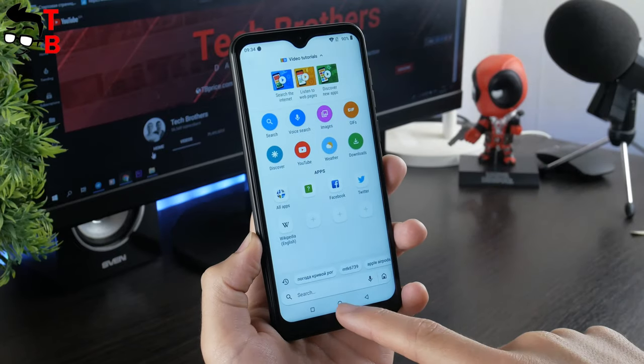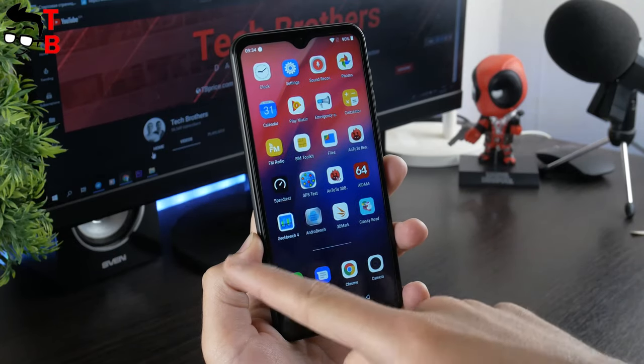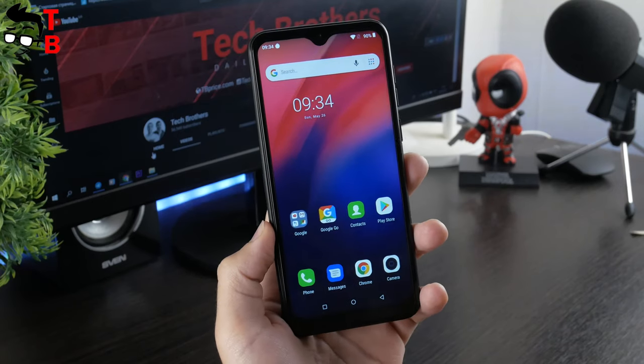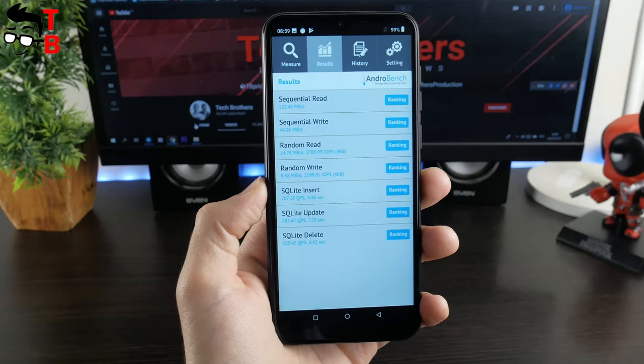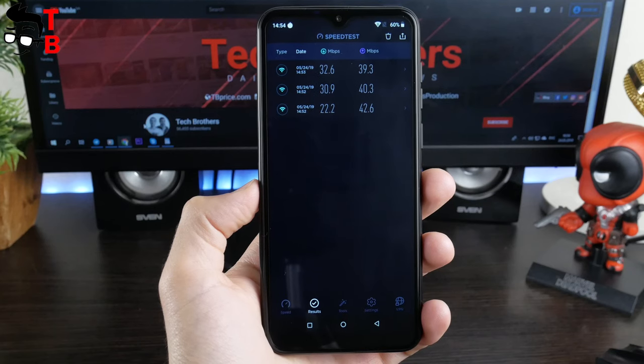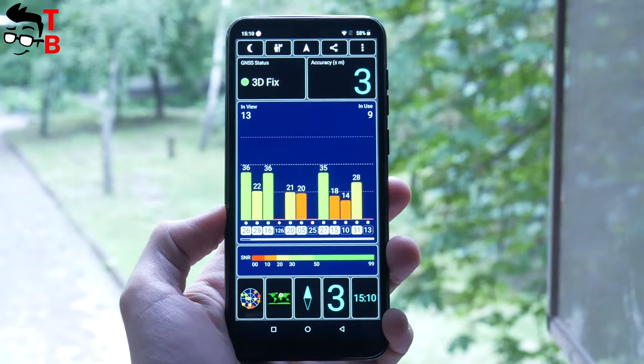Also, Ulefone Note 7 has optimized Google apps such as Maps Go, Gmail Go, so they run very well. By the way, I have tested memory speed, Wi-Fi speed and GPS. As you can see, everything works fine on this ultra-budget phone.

..........

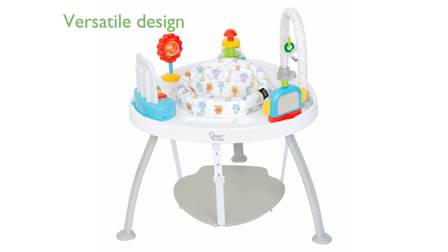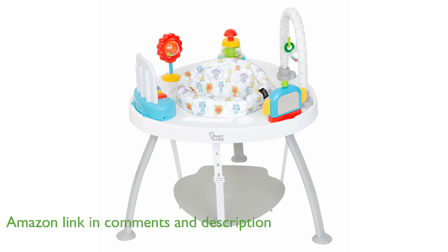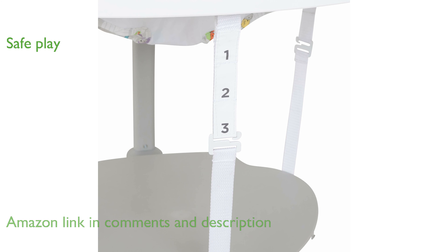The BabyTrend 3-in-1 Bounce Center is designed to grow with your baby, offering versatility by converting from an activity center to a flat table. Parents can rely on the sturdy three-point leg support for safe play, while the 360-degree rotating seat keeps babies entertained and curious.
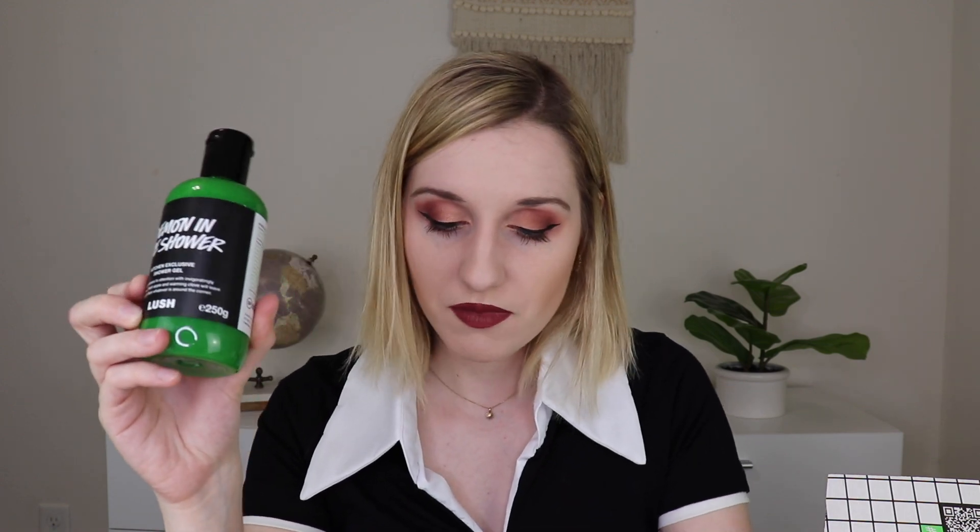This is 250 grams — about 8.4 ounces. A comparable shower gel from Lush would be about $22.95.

..........

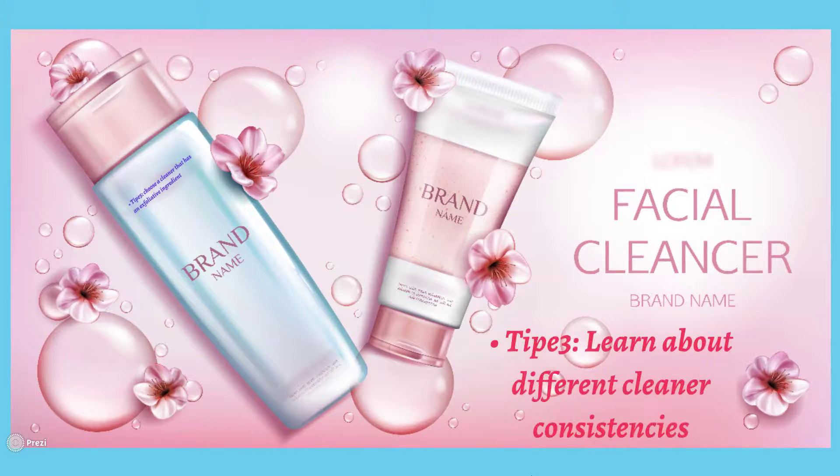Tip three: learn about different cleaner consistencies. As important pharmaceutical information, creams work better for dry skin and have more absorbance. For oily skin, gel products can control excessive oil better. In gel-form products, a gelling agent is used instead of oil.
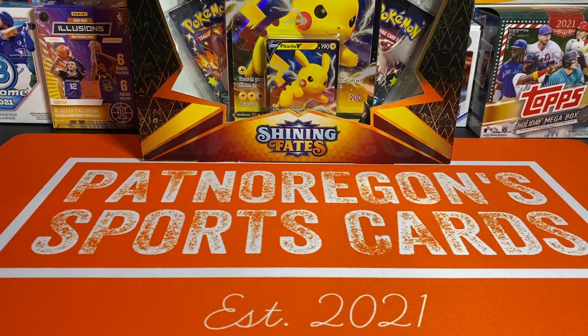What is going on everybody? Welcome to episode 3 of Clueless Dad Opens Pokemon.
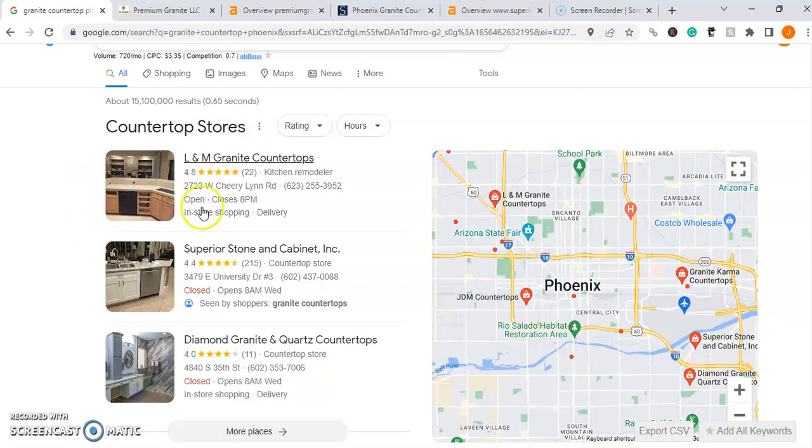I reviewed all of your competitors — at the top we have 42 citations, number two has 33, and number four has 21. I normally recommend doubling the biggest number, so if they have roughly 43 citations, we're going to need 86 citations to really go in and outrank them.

..........

- _Aim of the task_: For this exercise, return exactly the lines above from the line with "What is going" through the line with "I reviewed all", both included. Do not copy the pictures.

- _Solution for this exercise_:
What is going on everybody? Welcome to episode 3 of Clueless Dad Opens Pokemon.
I reviewed all of your competitors — at the top we have 42 citations, number two has 33, and number four has 21. I normally recommend doubling the biggest number, so if they have roughly 43 citations, we're going to need 86 citations to really go in and outrank them.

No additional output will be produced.